Many applications,
such as multimedia processing, digital signal, image and vision
processing, and scientific computing, generate computation tasks
that are structured and repetitive exhibiting varying degree of
instruction-level parallelism (ILP). The examples of embedded
structured computations in these applications include matrix-vector
product, convolution, various digital signal processing (DSP)
filters. These tasks operate on large blocks of data involving
the same computation. There are multiple such tasks active simultaneously.

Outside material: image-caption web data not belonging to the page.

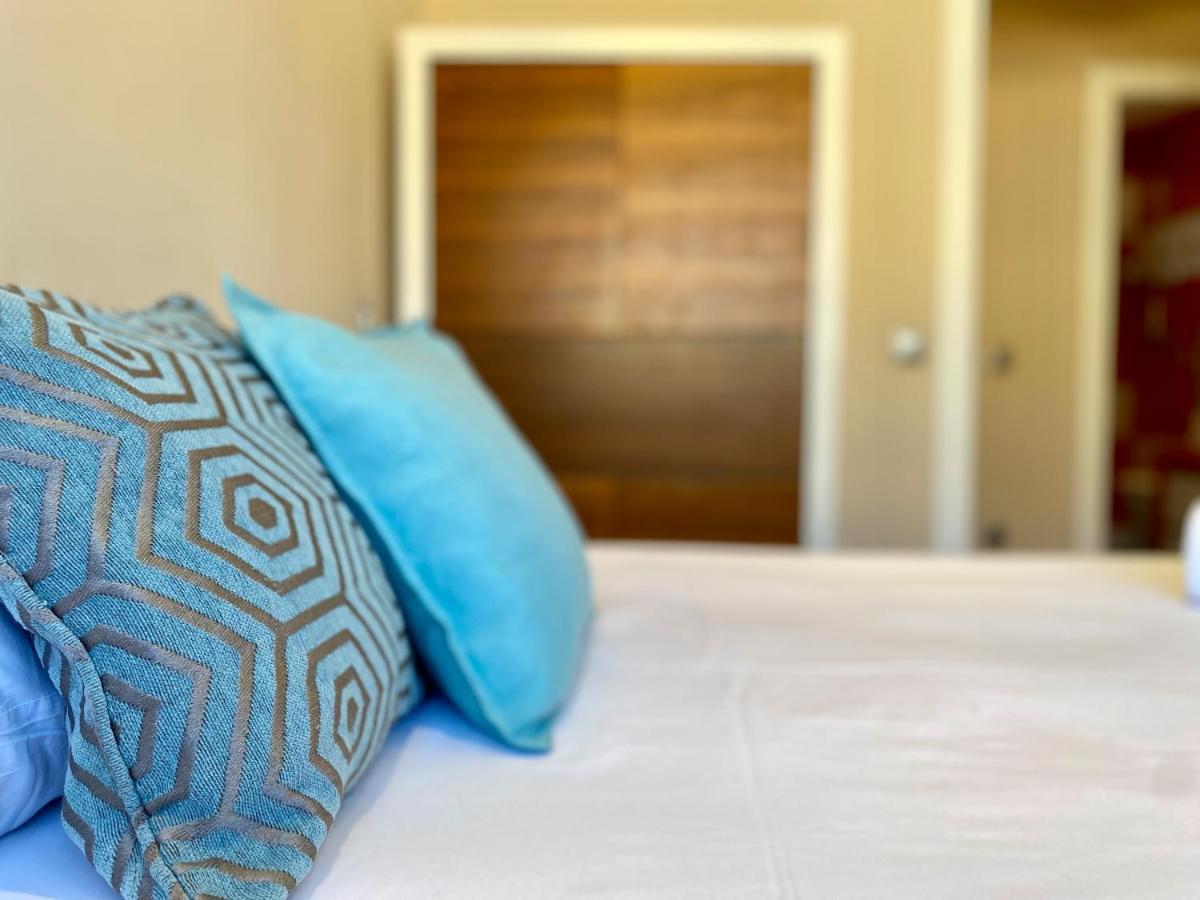 Charming Blasco De Garay -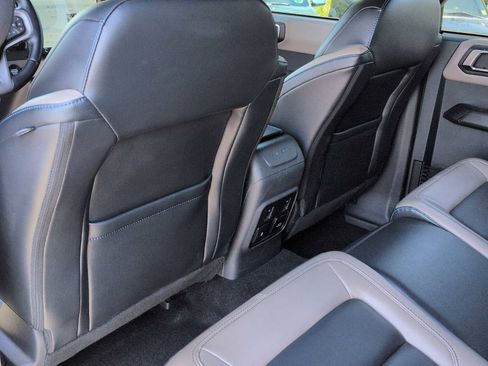 Used 2024 Ford Bronco Wildtrak AWD/4WD image 19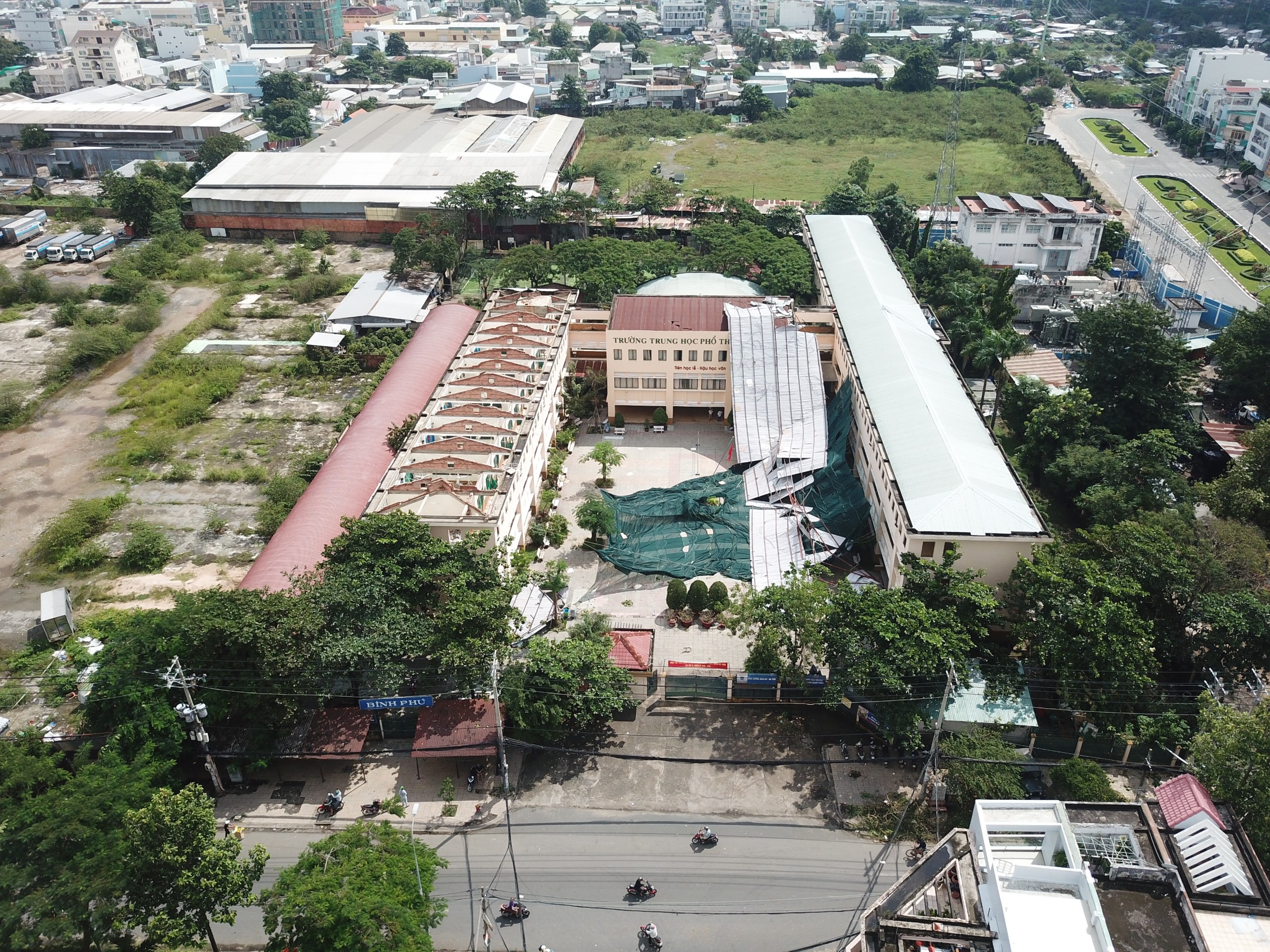 toc mai truong THPT Binh Phu o TP, HCM anh 1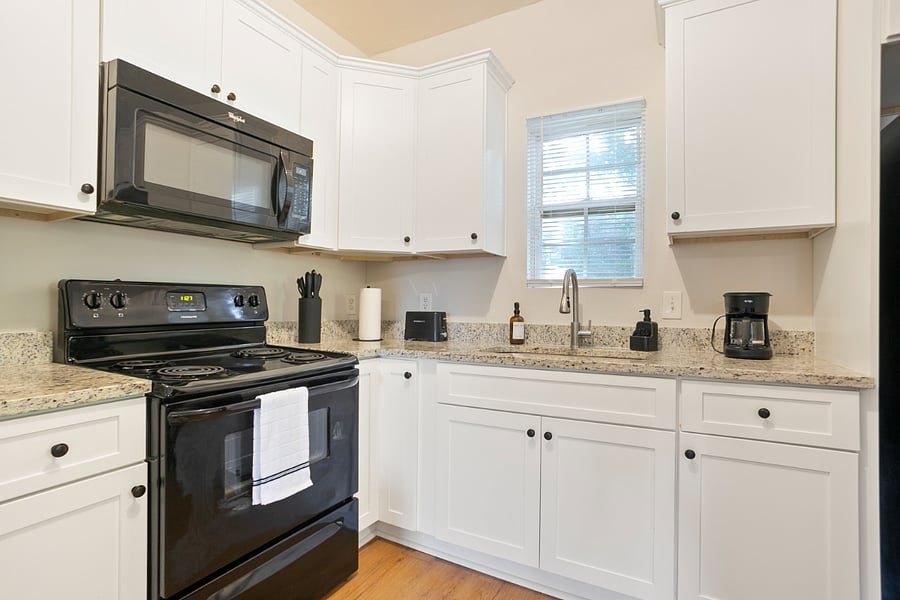 Furnished Finder property 591955_3 photo 6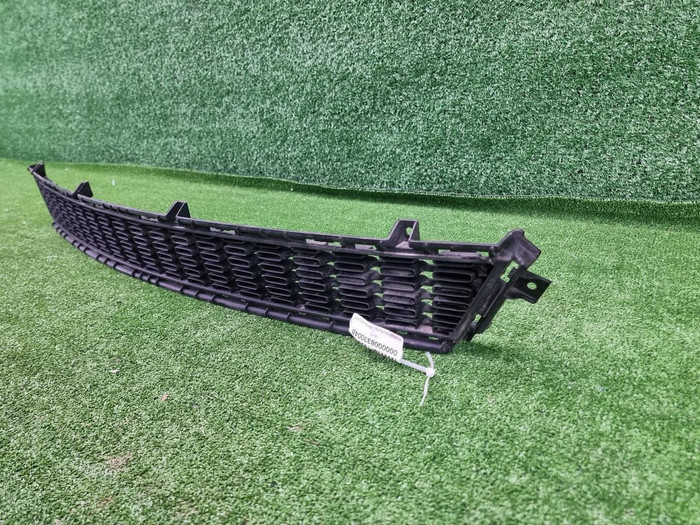 Решетка переднего бампера Kia Ceed 2 JD (15-18)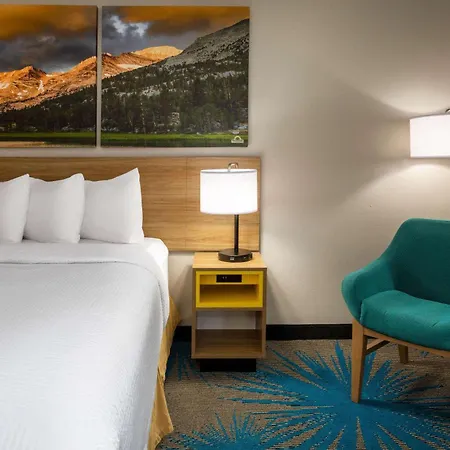 Days Inn & Suites By Wyndham Denver International Airport Extérieur photo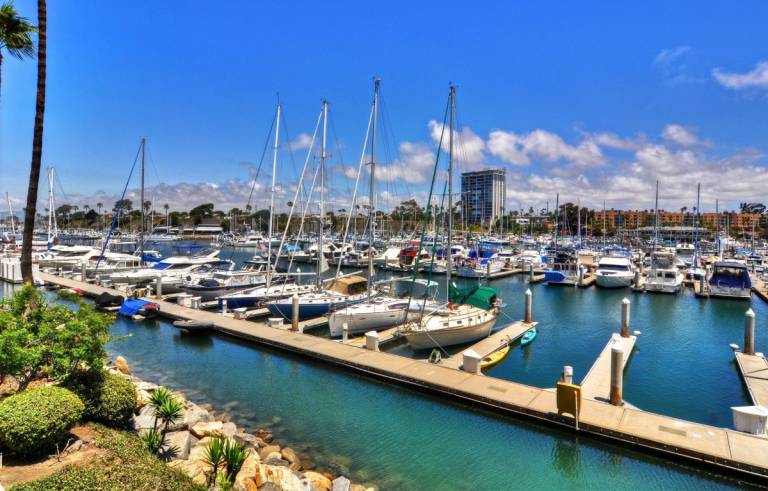 212B Family Friendly Harbor View Steps to the Beach
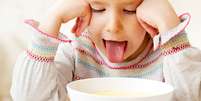 Se a criança disser que está satisfeita, os pais não devem forçá-la a comer mais   Foto: Shutterstock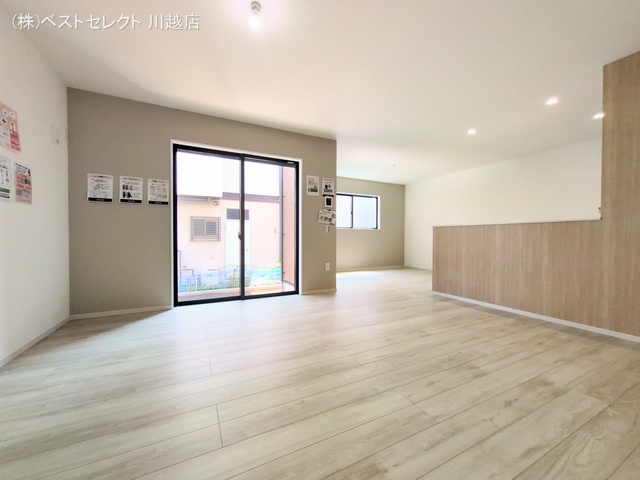 埼玉県川越市南大塚5丁目の新築戸建てリビング写真 2025年8月28日撮影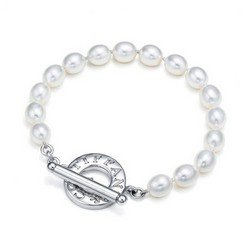 Tiffany Pearl Bracelet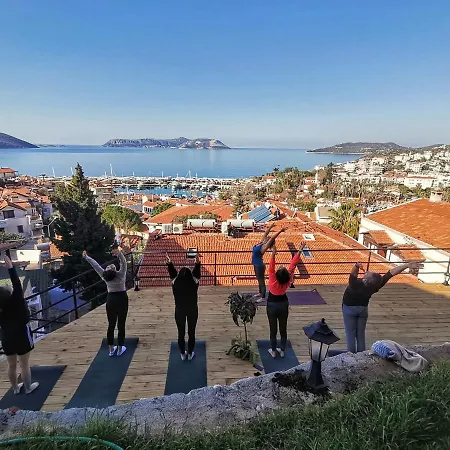 מלון Yoga House 2*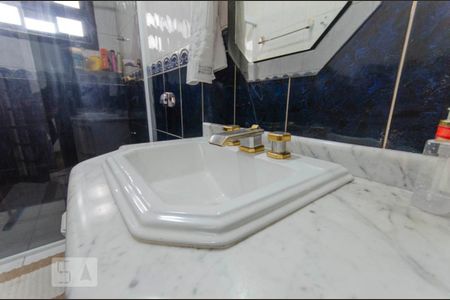 Casa à venda com 313m², 3 quartos e 3 vagas Casa à venda com 313m², 3 quartos e 3 vagasBanheiro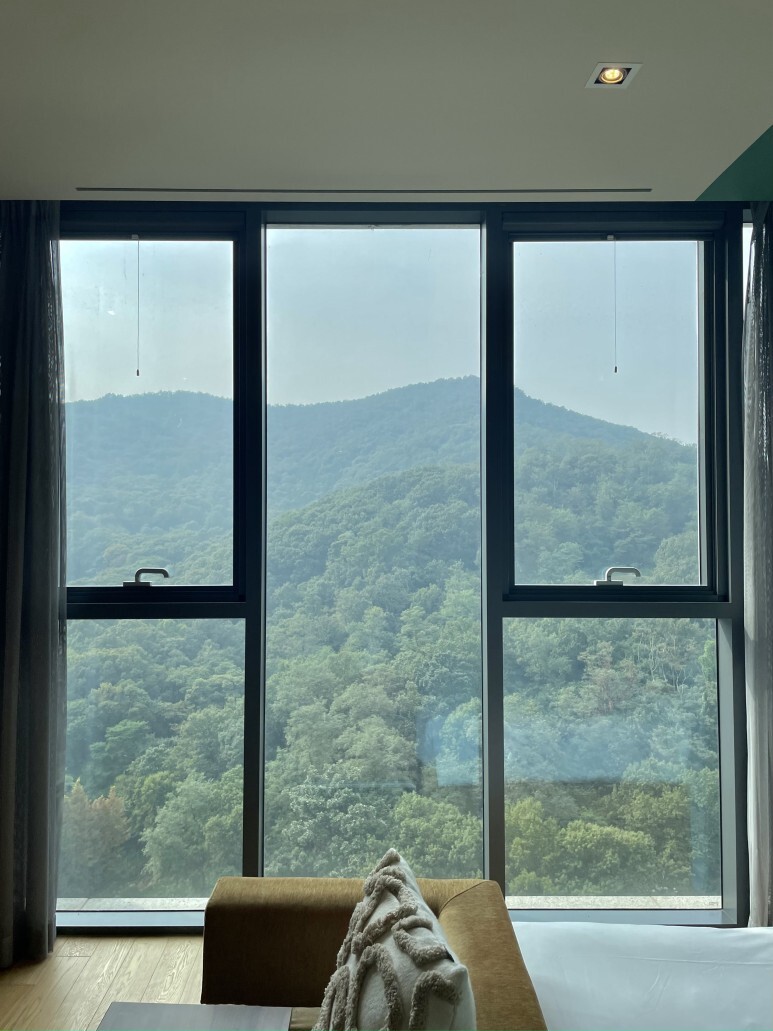 라까사호텔 광명 창문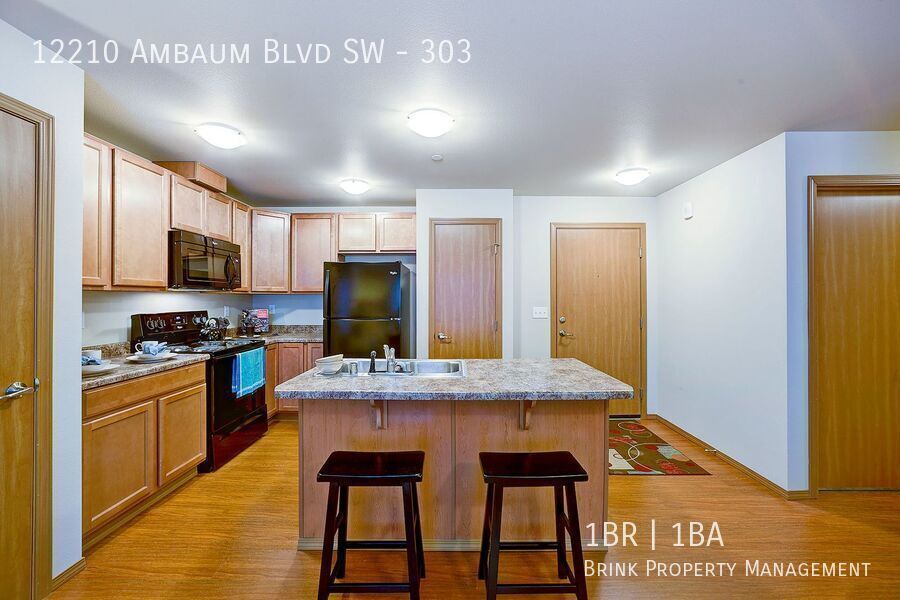 Ambaum Place | Top Floor Apartment Home w/ In-Unit Laundry Available Soon! property image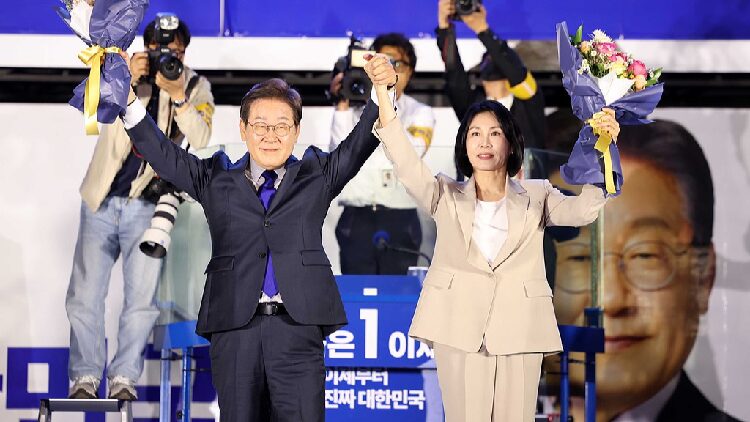 Lee Jae myung Takes Office As South Koreas President 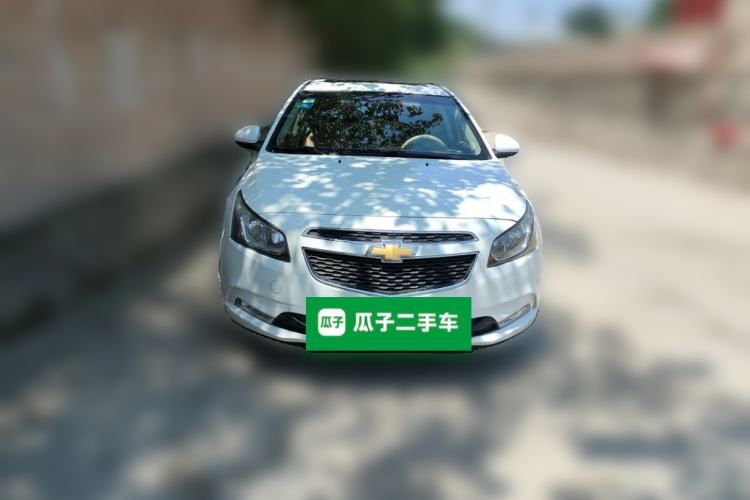 Used Chevrolet Cruze 2015 1.5L Classic SE MT Front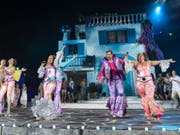 Disco-Groove am Thunersee: Die Thunerseespiele zeigen bis Ende August eine berndeutsche Fassung des ABBA-Musicals «Mamma Mia» - bunt, schrill, nostalgisch und mit Ohrwürmen reich befrachtet. (Bild: Keystone/PATRICK HUERLIMANN)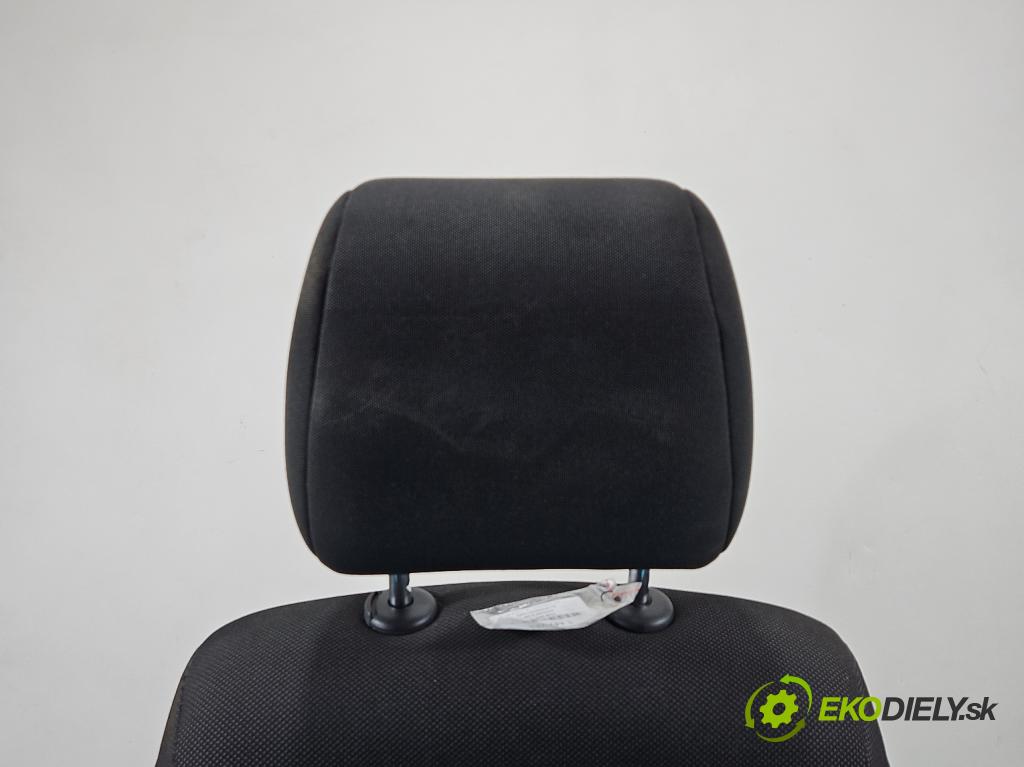 Chevrolet Cruze 1.6 16V 124hp manual 91 kW 1598 cm3 4- Sedačka ľavý  (Sedadlo)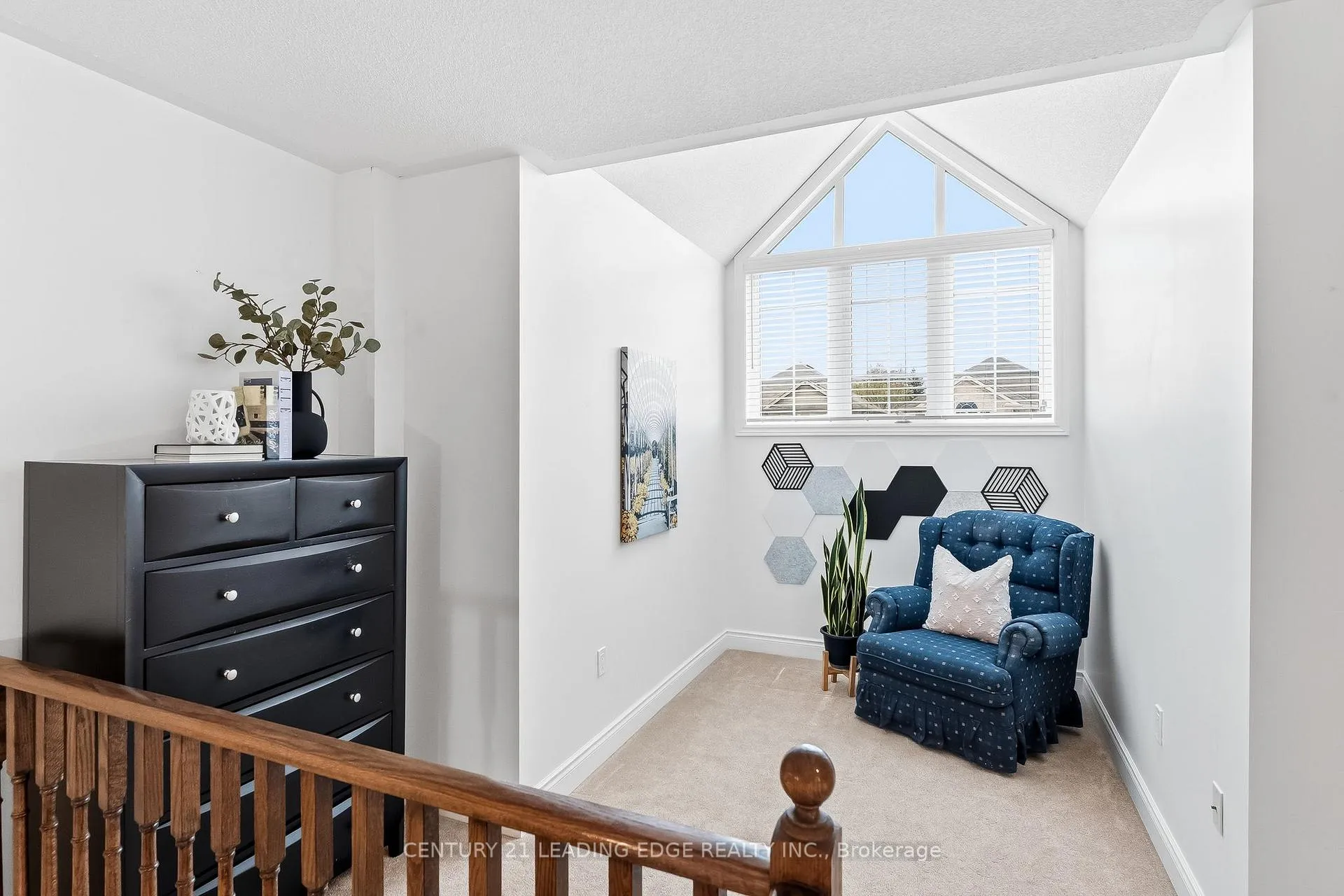 Photo 32 of 30 Page Place, Clarington, Courtice — HOMEH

Moreover, over time, the set of computed tasks varies. These needs
dictate that the following architecture level parameters be dynamically
variable: number and types of function units (FUs), amount of
on-chip register and cache memory, an ability to trade the on-chip
memory resources with the number of FUs dynamically, and the interconnectivity
between these units. We propose to use reconfigurable logic blocks
to make the architecture adaptive to the applications' computing
and memory bandwidth needs.
Our goal in
this research is to study and evaluate the effects of integrating
reconfiguration schemes into the on-chip function units (FUs)
and cache memories on a processor chip. Specifically, the following
architecture components would be reconfigurable.
Dynamically
programmable FUs and effective management of data
and configuration flow.
FUs reconfigurable
as queues embedded in the register address space.
Dynamically
variable mapping of memory address space onto cache memory space
to reduce the application's I/O bandwidth requirement.
Caches reconfigurable
as multi-function FUs.
Reconfigurable
multiple-buses (RMB) to provide effective connectivity among the
FUs and cache memories.
Our objective
is to use these novel ideas, reconfigurable FUs, cache memory,
RMB, to achieve balanced computing. A computation is balanced
if the computing bandwidth matches the memory bandwidth. We propose
to use reconfigurable function units and caches to offer fast
dynamic reconfiguration of the computing and memory bandwidth.
The RMB will be used to dynamically meet the variable bus traffic
demands. We also propose to modify the compiler and operating
system to support an application to utilize the new features.
We will develop and evaluate the ABC (Adaptive Balanced Computing)
architecture and a high-level design for the entire system.